NYMEX WTI oil is down 0.43% at $99.14 per barrel, NYMEX nat gas is down 0.11% at $4.36 per therm. COMEX gold is up 0.88% at $1291.20 per ounce with silver up 1.81% at $20.04 per ounce.
The dollar was little changed at 103.89 yen early in London, after touching 104.07, the highest since Jan. 23rd. The U.S. currency was little changed at $1.3770 per euro from yesterday, when it gained 0.2 percent. The 18-nation currency was at 143.04 yen. The Australian dollar fell 0.2 percent to 92.27 U.S. cents after reaching 93.04 on April 1, the strongest since Nov. 21.
The Bloomberg Dollar Spot Index was little changed at 1,017.54 from yesterday, set for the highest close since March 21st. The dollar rose to a two-month high against the yen before U.S. data analysts say will show services industries and employment strengthened, supporting the case for the Federal Reserve to reduce its stimulus.

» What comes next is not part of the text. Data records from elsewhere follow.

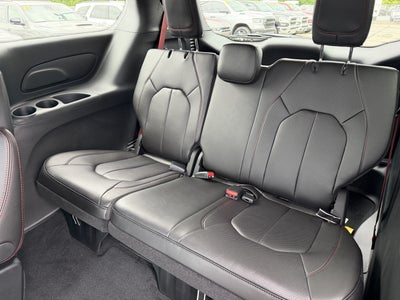 2027 Chrysler Pacifica PACIFICA SELECT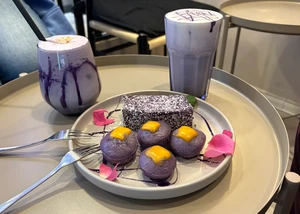 Lila Leckereien: Küchlein und Gebäck, Smoothie und Ube-Latte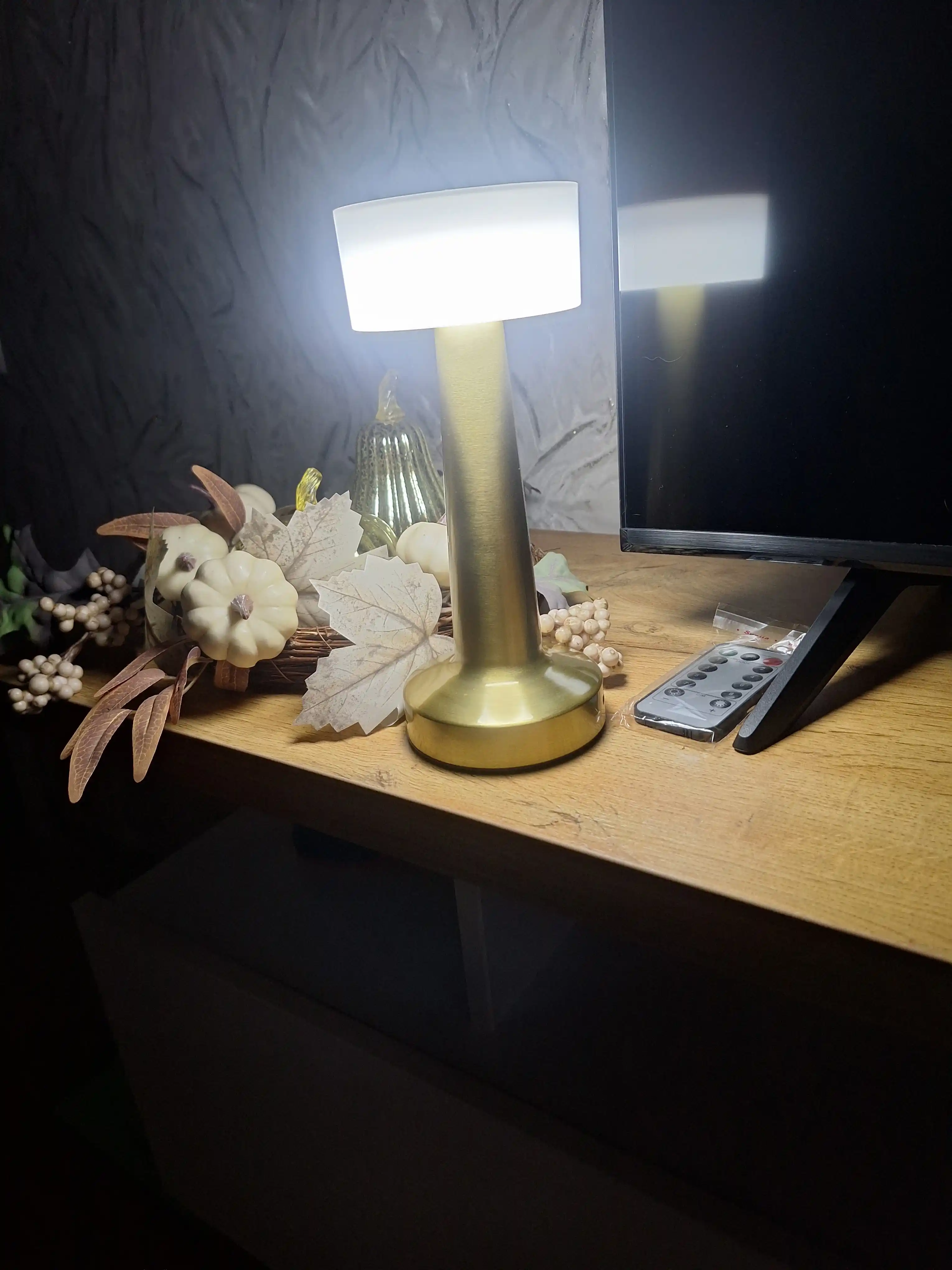 Stol usti, sensorli, simsiz lampa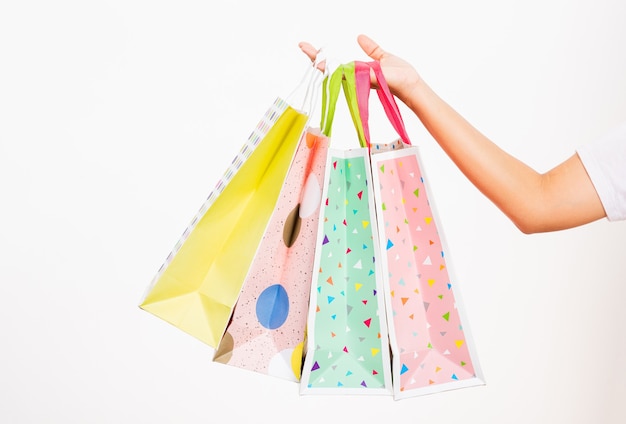 Femme tenant des sacs à provisions multicolores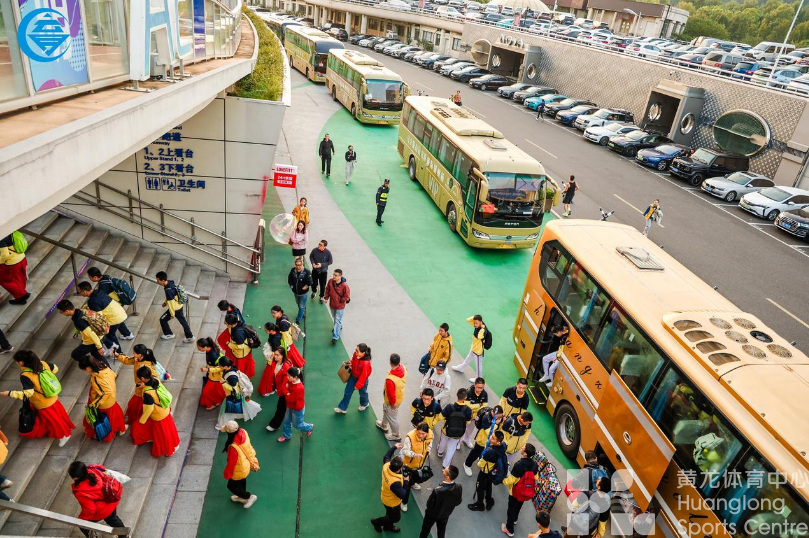 潮新闻——3.8万人齐聚黄龙，单个节目就有900人表演，连盒饭都是标准化制作！今天不少家长被震撼到了(图1)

U.S. 10-year yields were little changed at 2.79 percent early in London. The 2.75 percent security due in February 2024 traded at a price of 99 5/8. The yield has risen from 1.81 percent a year ago, though it’s still less than the average over the past decade of 3.46 percent. The extra yield 10-year notes pay compared to same-maturity German bunds widened to 1.19 percentage points yesterday, the most since May 2006.